Imo’s Pizza is the only St. Louis styled pizza place around the area. The cheese is weird but tasty, and the crust is thin. I ordered pizza from them a while back and it came a little late so they gave me a coupon, which I used to purchase an entire cheese pizza leftover fantasy. Generally pizza is fantastic cold out of the fridge or fresh out of the microwave. The crust is nice and soggy, the cheese is firm, and the

sauce is sweet. I wish I could say the same for Imo’s, but the pizza tasted like bacon flavored EZ cheese. I’m fairly certain good pizza should never taste like EZ cheese or bacon unless they are used as toppings.

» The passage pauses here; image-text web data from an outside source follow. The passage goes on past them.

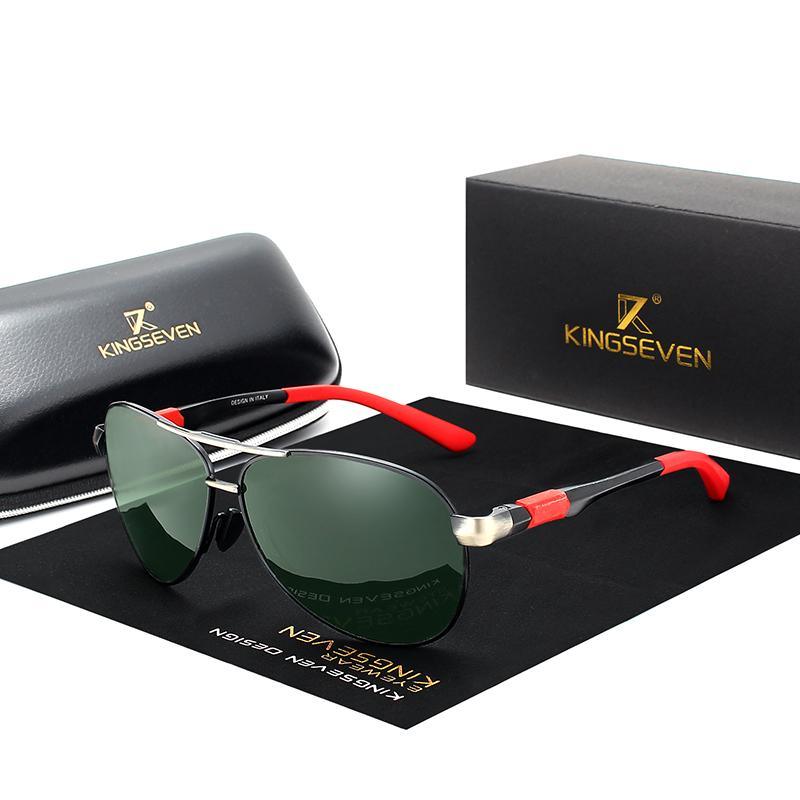 Men's polarized aluminum alloy frame sunglasses green lenses and red temples by Kingseven on Tampa Home & Garden Store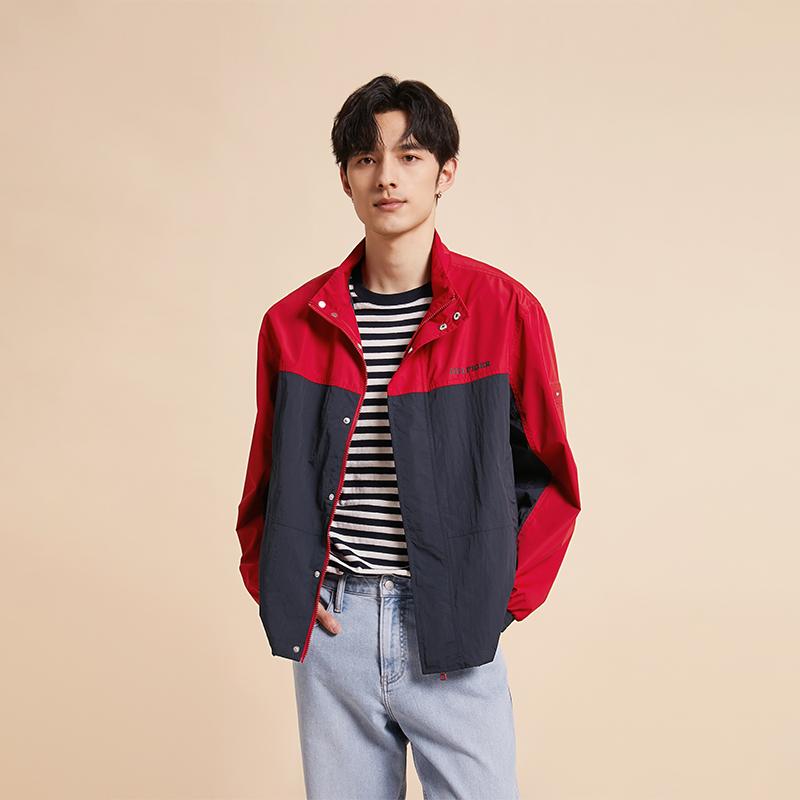 Tommy Hilfiger Waterproof Color Block Letter Stand Collar Fitted Outdoor Sports Jacket Men Jackets MW0MW31650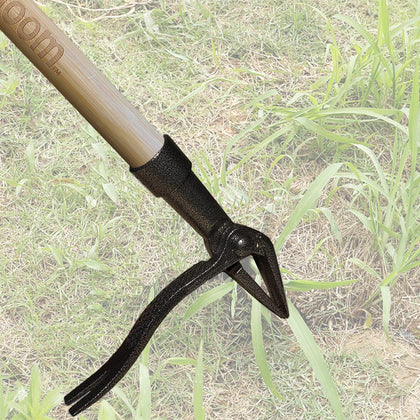 UpBloom stand up weed puller 44-inch in use for root removal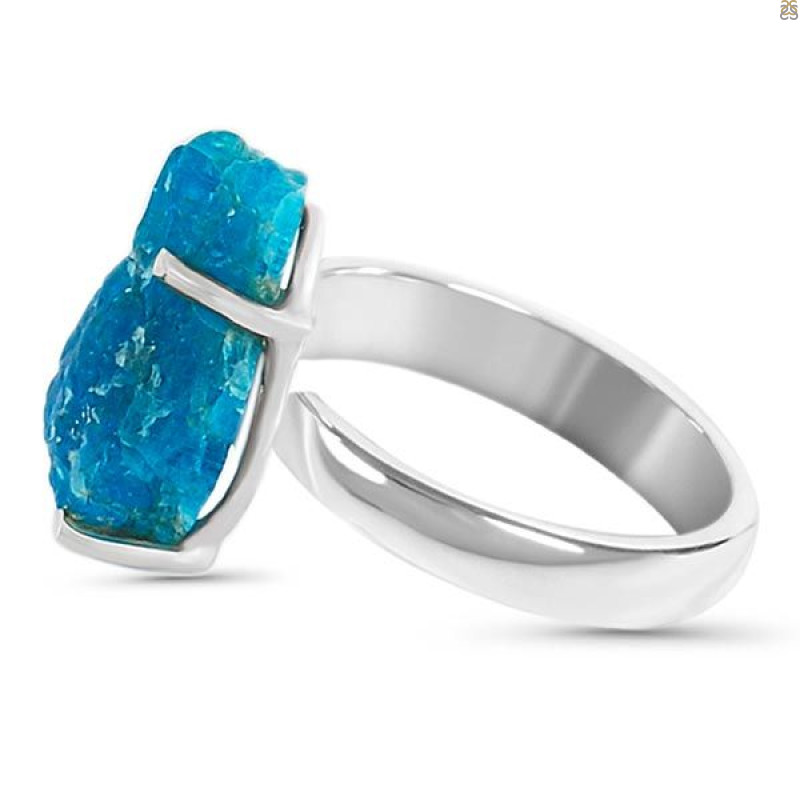Neon Apatite Rough Adjustable Ring-ADJ-R NAR-2-15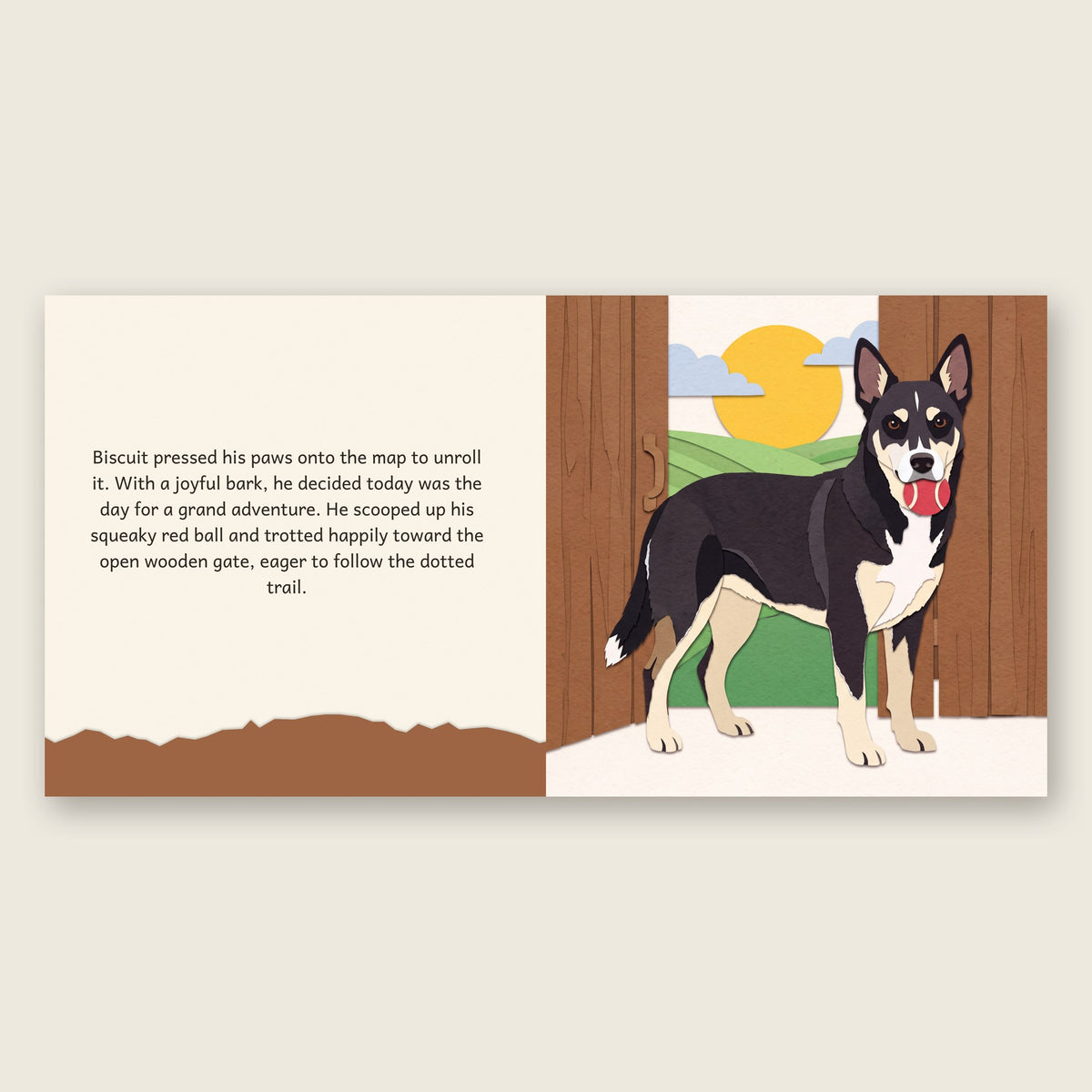 Inside the storybook: story text beside a full-page cut-paper illustration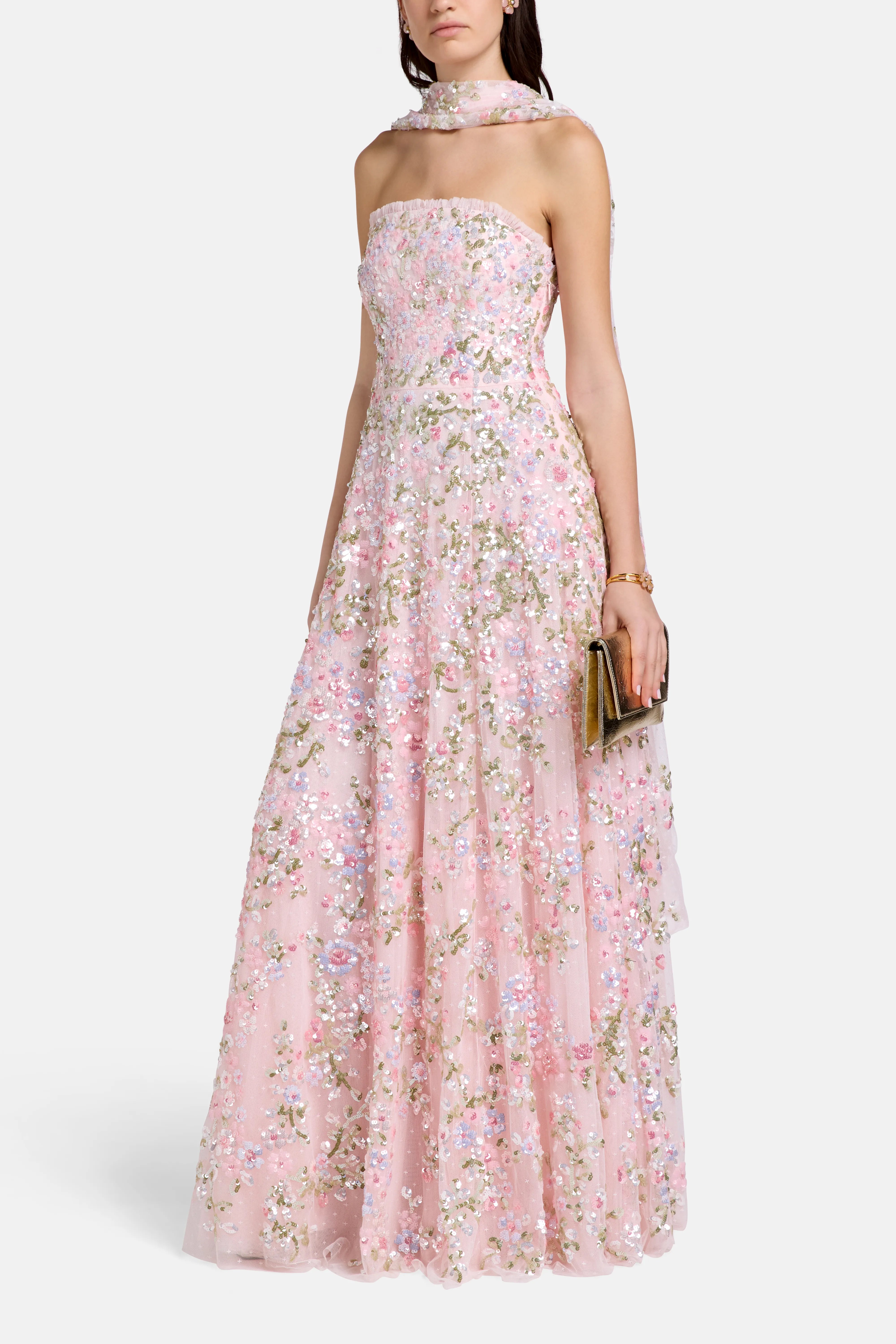 Dream Garland Sequins Floral Strapless Evening Dress with Scarf in Pink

Cancun Fiesta Fresh, living up to the redundant yet fantastic slogan “fast and pronto,” is indeed a very speedy little Mexican joint. I usually get the veggie burrito because, although it is lathered with sour cream, just the word vegetable makes it seem healthier (I can assure you it is not at all healthy). The burrito trumps Chipotle and then some. I took half of the humongous burrito home and reheated it until it was lukewarm the next day. Boy was I in for a nice surprise. All of the ingredients mixed and somehow shifted into evenly distributed bites of heaven. I would almost recommend the reheated version of this dish. I approve.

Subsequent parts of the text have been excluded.